# How do ATI graphic cards work on linux ??

## Gabriel_Blake

I'm about to upgrade (change) my laptop. I have to choose between nvidia optimus - which doesn't work on linux at all - and ATI cards - which I've heard don't work well on linux. Or do they ?

----------

## rh1

My home system uses ati. It's always worked good for me on linux. I haven't really had any performance issues. The main problem i've had is the closed sources ati-drivers lagging behind the newest versions of xorg. Sometimes you end up either having to mask newer xorg or unmask beta version of ati-drivers. Be careful if your buying a just released card as it might not be compatible yet. I'd check the ati website for cards supported by the latest version.

----------

## Gabriel_Blake

I was waiting for more replies, but yours is sufficient  :Smile: 

Thanks. I'll go with the Radeon 5650 laptop :]

----------

## kingfame_147

I got a HD 5750 at my computer.

I would suggest that you use the opensource radeon driver and not the closed source ati driver. The opensource driver works really really good nowerdays.

----------

## rh1

 *Quote:*   

> I would suggest that you use the opensource radeon driver and not the closed source ati driver. The opensource driver works really really good nowerdays.

 

I was sold on using open-source driver, everything was going great, right up till i tried to run games in wine. It would run at maybe 1 or 2 fps. Basically games were unplayable. Last time i tried was over summer with intergrated ati 3200HD. Until that changes i'll stick with closed source driver.

----------

## kingfame_147

 *rh1 wrote:*   

>  *Quote:*   I would suggest that you use the opensource radeon driver and not the closed source ati driver. The opensource driver works really really good nowerdays. 
> 
> I was sold on using open-source driver, everything was going great, right up till i tried to run games in wine.
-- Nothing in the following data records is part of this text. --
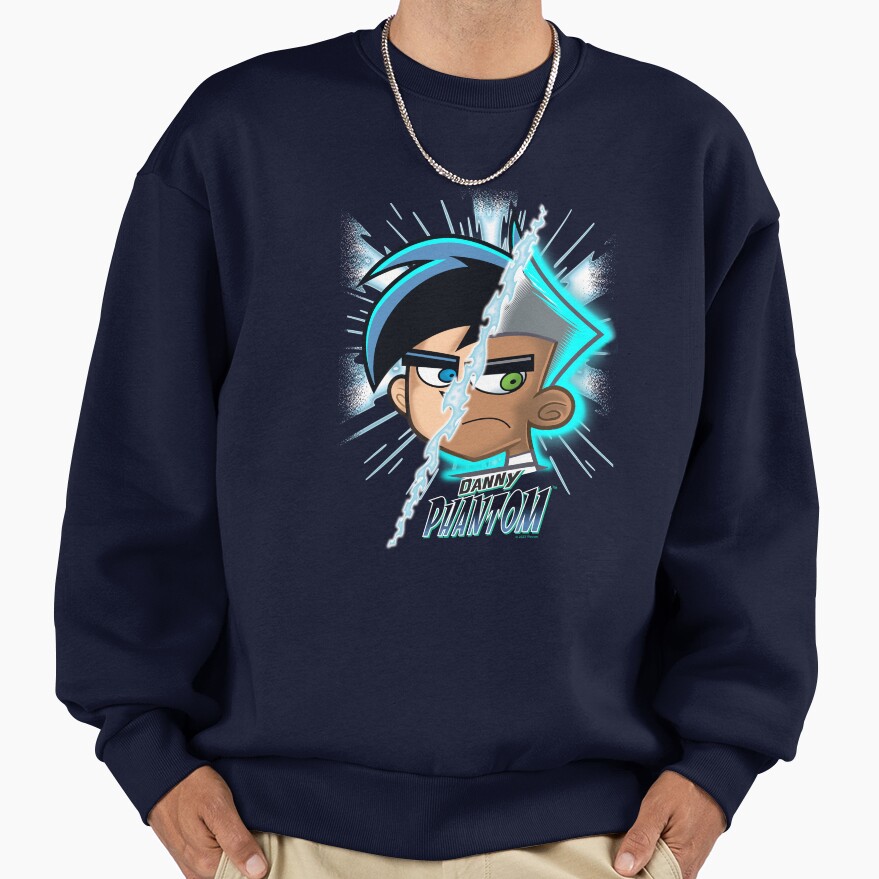 Danny Phantom Split Face Transformation Sweatshirt - Image 5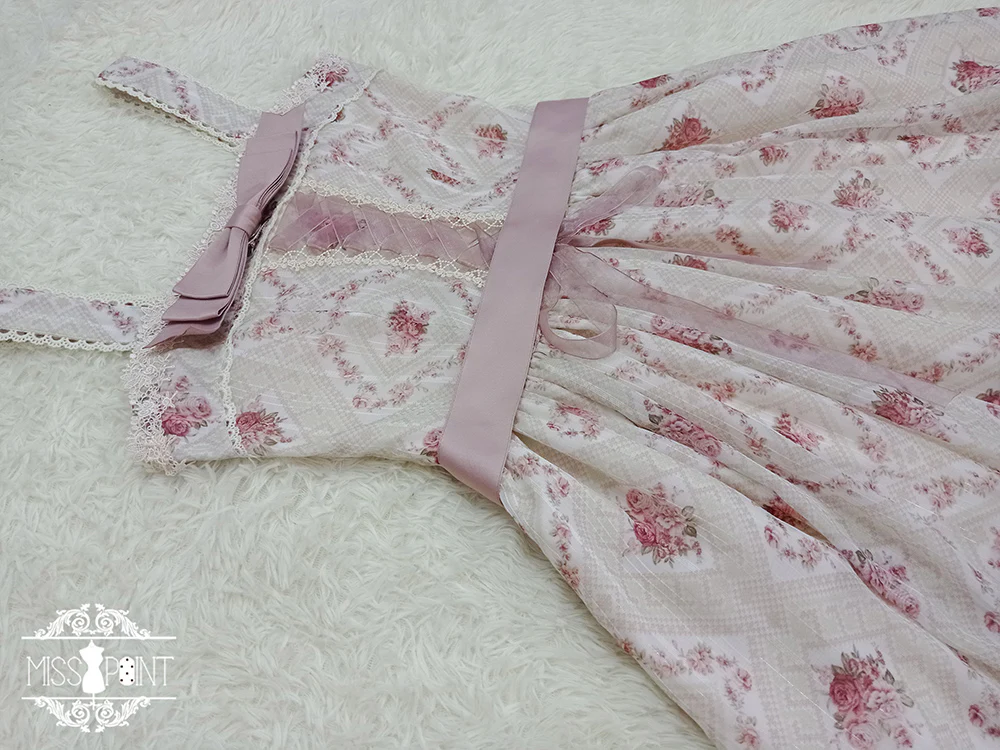 Woody Rose - Elegant Floral Lolita JSK Dress - Image 15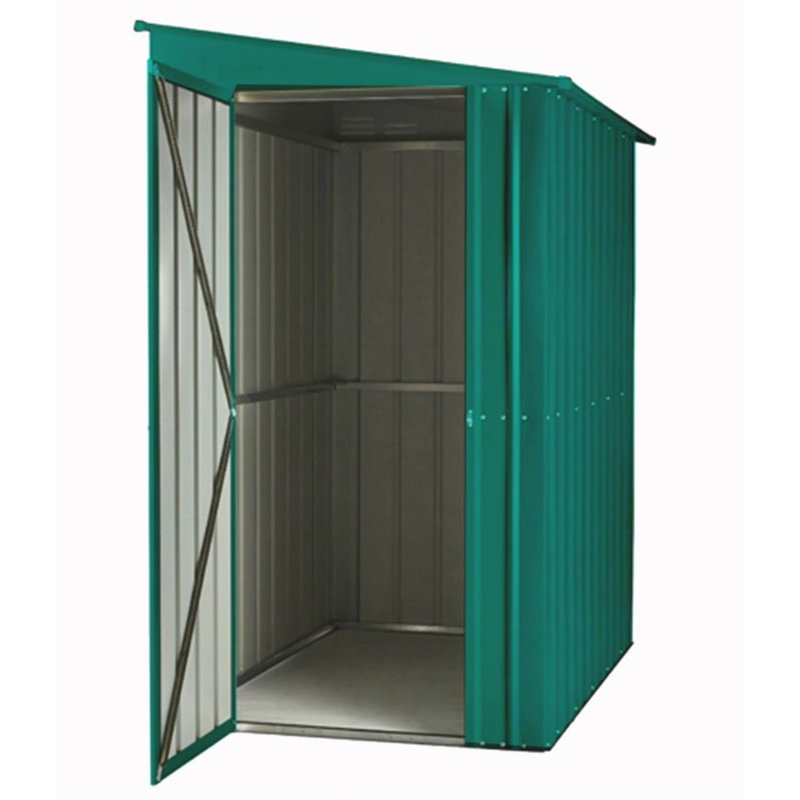 Salford 4 ft. W x 6 ft. D Metal Garden Shed, Heritage Green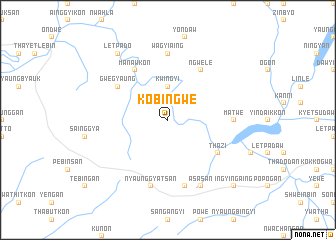 map of Kobingwe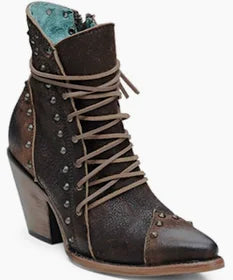 Z5318 Lace Up Ankle Boot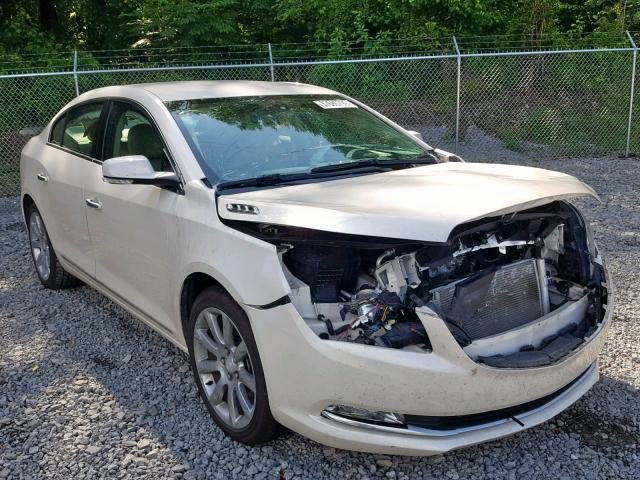 1G4GB5G33EF215510 - 2014 BUICK LACROSSE WHITE photo 1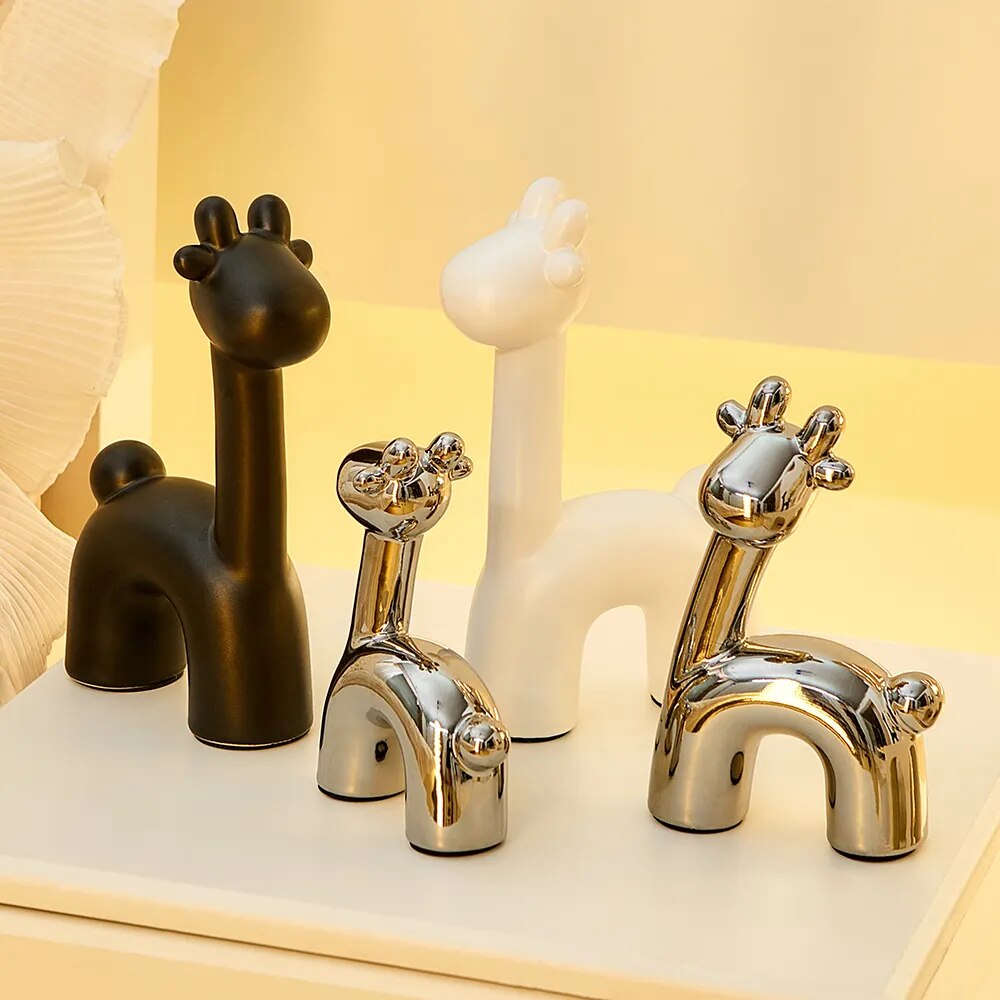 Nordic Abstract Reh Weihnachtsstatue
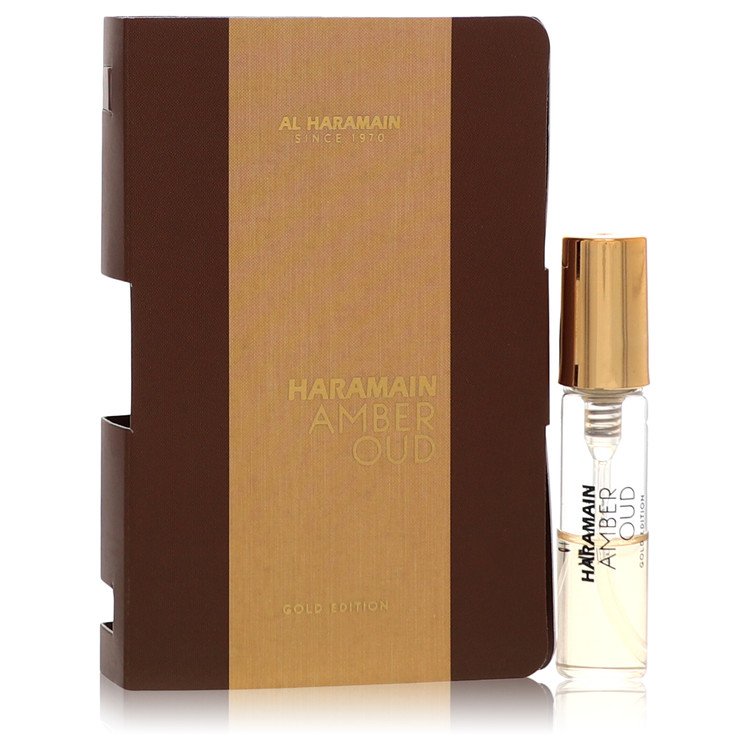 Al Haramain Amber Oud Gold Edition by Al Haramain Vial (sample) 0.5 oz for Women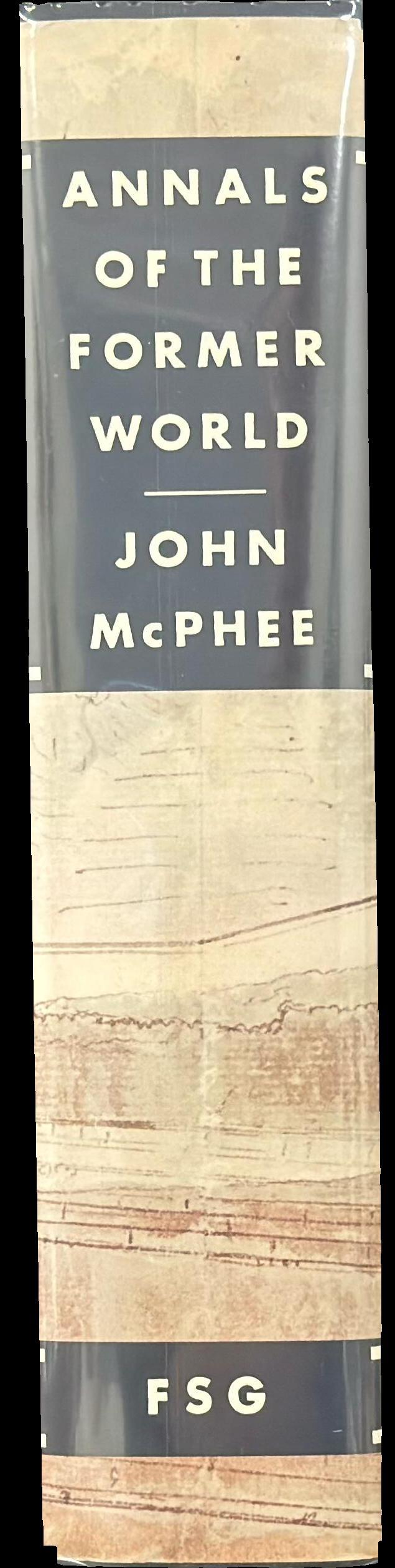 Annals of the former world / John McPhee spine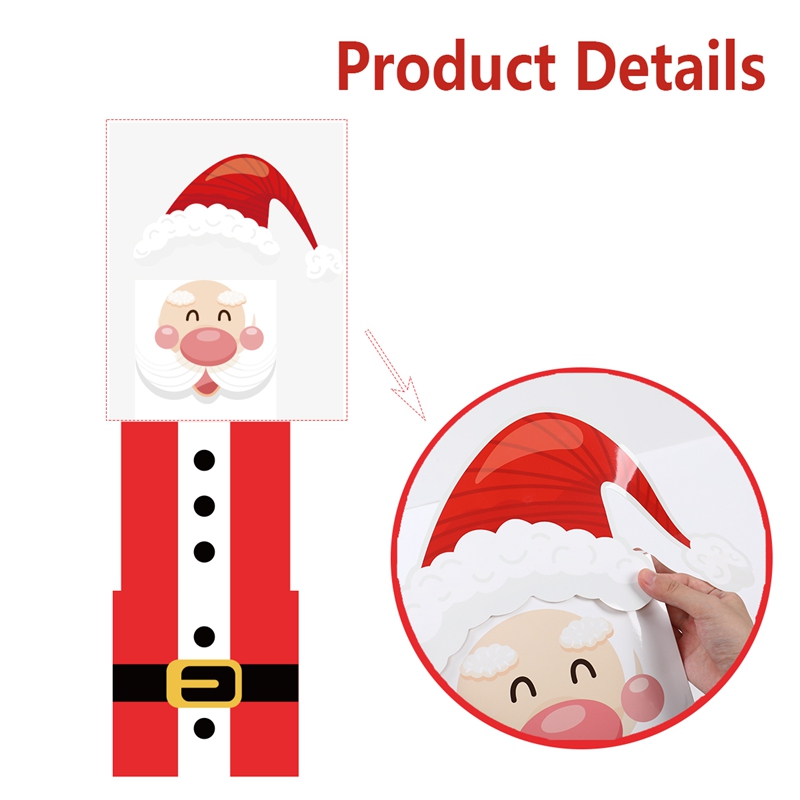 3pcs Christmas Stacking Box Cartoon Santa Claus Shaped Gift Box Xmas ...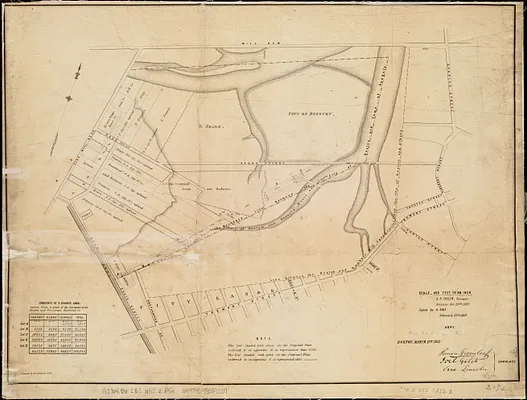 [Plan of boundary lines in Roxbury and the City of Boston]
It would run at maybe 1 or 2 fps. Basically games were unplayable. Last time i tried was over summer with intergrated ati 3200HD. Until that changes i'll stick with closed source driver.

 

I can't test that for you because I don't play games and have no game to try :/

Linux games are working without a problem.

----------

## chithanh

The problem with wine on amd64 systems is that wine is a 32 bit application. This makes upgrading mesa for wine harder, if you are not satisfied with the version from emul-linux-x86-opengl.

----------